This story is a collaboration between ProPublica, STAT and ABC News.

Four years ago this week, Dr. Richard Sackler sat in a conference room at a law office in a Louisville, Kentucky, office park. Lawyers for the Kentucky attorney general’s office were taking his deposition as part of the state’s lawsuit alleging that the family business, Purdue Pharma, illegally marketed the opioid painkiller OxyContin by understating its addictive properties.
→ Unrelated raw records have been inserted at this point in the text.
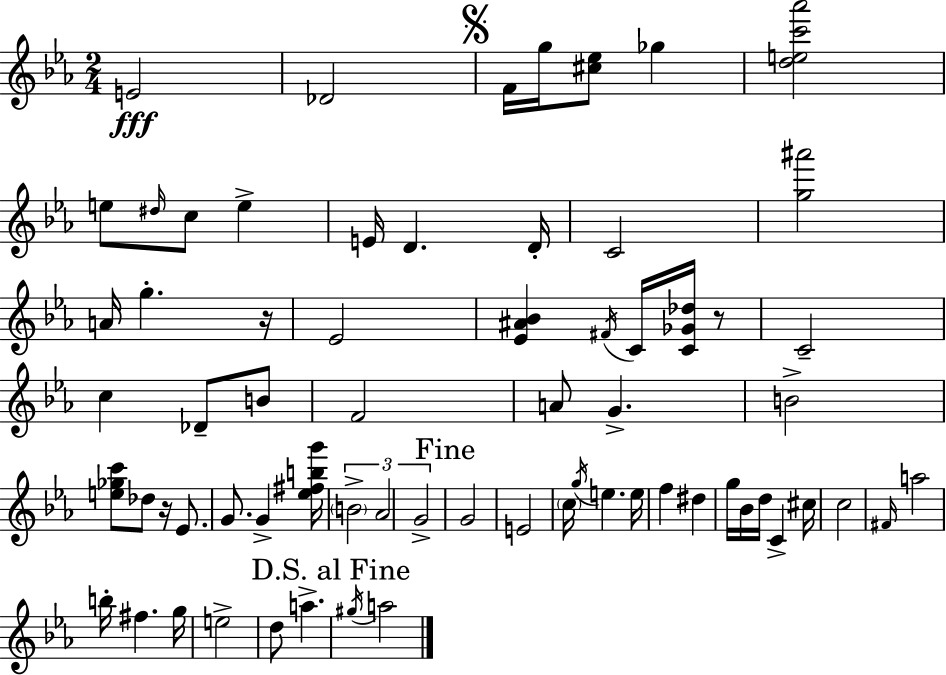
{
  \clef treble
  \numericTimeSignature
  \time 2/4
  \key c \minor
  \repeat volta 2 { e'2\fff | des'2 | \mark \markup { \musicglyph "scripts.segno" } f'16 g''16 <cis'' ees''>8 ges''4 | <d'' e'' c''' aes'''>2 | \break e''8 \grace { dis''16 } c''8 e''4-> | e'16 d'4. | d'16-. c'2 | <g'' ais'''>2 | \break a'16 g''4.-. | r16 ees'2 | <ees' ais' bes'>4 \acciaccatura { fis'16 } c'16 <c' ges' des''>16 | r8 c'2-- | \break c''4 des'8-- | b'8 f'2 | a'8 g'4.-> | b'2-> | \break <e'' ges'' c'''>8 des''8 r16 ees'8. | g'8. g'4-> | <ees'' fis'' b'' g'''>16 \tuplet 3/2 { \parenthesize b'2-> | aes'2 | \break g'2-> } | \mark "Fine" g'2 | e'2 | \parenthesize c''16 \acciaccatura { g''16 } e''4. | \break e''16 f''4 dis''4 | g''16 bes'16 d''16 c'4-> | cis''16 c''2 | \grace { fis'16 } a''2 | \break b''16-. fis''4. | g''16 e''2-> | d''8 a''4.-> | \mark "D.S. al Fine" \acciaccatura { gis''16 } a''2 | \break } \bar "|."
}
Sackler, who has been at various times Purdue’s president and co-chairman of its board, testified for more than eight hours. The lawyers asked him about his role at the company, what decisions he was involved in and whether he believes Purdue played any part in the opioid crisis that has resulted in more than 200,000 overdose deaths related to prescription drugs since 1999.

Despite hundreds of lawsuits against Purdue stretching back well over a decade, that August 2015 deposition, which was recorded on video, is believed to be the first time any member of the Sackler family was questioned under oath about their role in the marketing of OxyContin.

Four months after the deposition, Purdue agreed to pay Kentucky $24 million to settle the case. The company fought a legal battle for more than three years to keep the deposition secret. After the news organization STAT won a court decision in 2016 ordering its release, Purdue appealed all the way to the Kentucky Supreme Court. The court declined on Wednesday to hear the case, letting STAT’s lower court victory stand.

This past February, ProPublica obtained and published a transcript of the deposition. In a statement then, Purdue stood behind Sackler’s testimony. The video, however, remained unavailable. In April, comedian John Oliver called on his HBO show for its public release, saying it wasn’t “something that Purdue gets to bury.”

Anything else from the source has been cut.